Senate debates

Monday, 1 September 2025

Matters of Urgency

Gas Industry

4:21 pm

Photo of Peter Whish-WilsonPeter Whish-Wilson (Tasmania, Australian Greens) Share this | Hansard source

There's a reason for the secrecy around this methane leak in Darwin Harbour. There's a reason for the sensitivity around it. It's because both the dirty fossil fuel industry and this government know that we have a methane problem in this country. When methane leaks from a project it's called a fugitive emission. Did you know, senators, that 27 per cent of all our methane accounting in emissions comes from leaks from fugitive emissions? That makes up just less than 10 per cent of our nation's entire greenhouse gas inventories, from leaks from these kinds of projects. It beggars belief that, at a plant in the Northern Territory that is being looked at and studied by our science agencies and others, we can tolerate this, when at the same time we're opening up some of the biggest carbon bombs, the biggest fossil fuel projects, in our nation's history, and we want to store the carbon and the methane under the ocean, which has never been done before.

Whether it's the Barossa project—remember the sea dumping bill in the last parliament?—or the North-West Shelf extension out to 2070, talk about fugitive emissions, or Murujuga art, if you want to go down that road. But they want to open up the Browse Basin, near the pristine Scott Reef in Western Australia, and pump the CO2 and methane back under the ground, under the ocean. Who's going to be looking at that? These are some of the biggest projects in our nation's history.

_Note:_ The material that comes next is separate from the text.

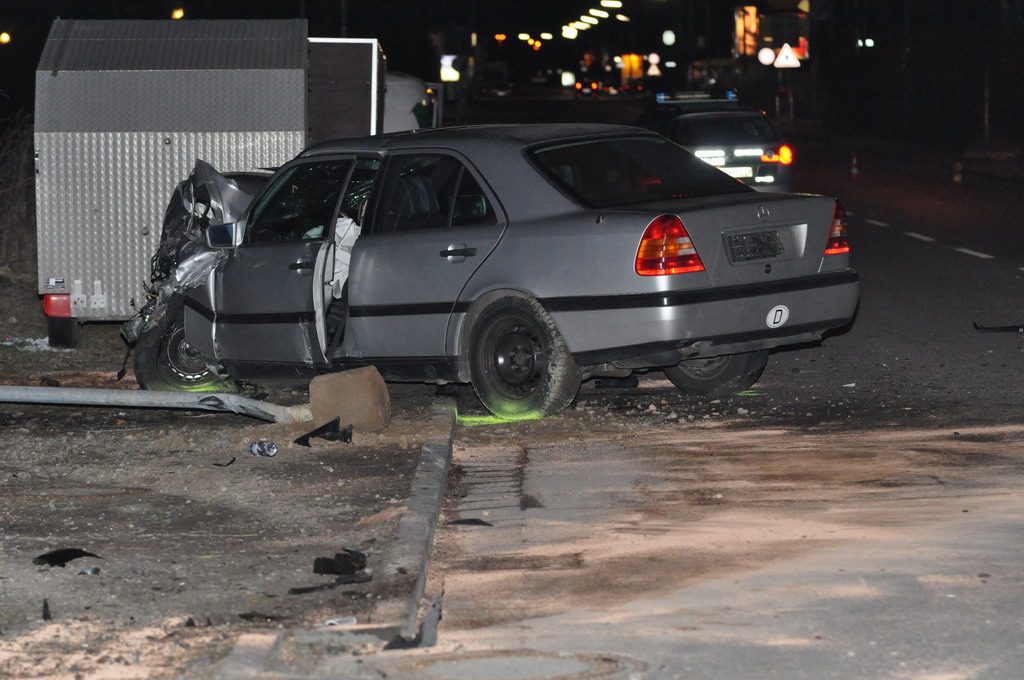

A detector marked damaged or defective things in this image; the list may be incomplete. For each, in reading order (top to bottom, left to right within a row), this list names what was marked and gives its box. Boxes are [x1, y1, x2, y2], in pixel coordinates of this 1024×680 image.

damaged silver sedan [128, 124, 864, 417]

To even begin that process they literally have to blast the crap out of the ocean with seismic testing for decades to try to understand these geological structures.

This industry and the governments that are captured by these industries cannot be trusted with fugitive emissions, whether it be methane or whether it be CO2. The best way to cut our methane emissions and our carbon dioxide emissions is to stop all new fossil fuel projects in this country.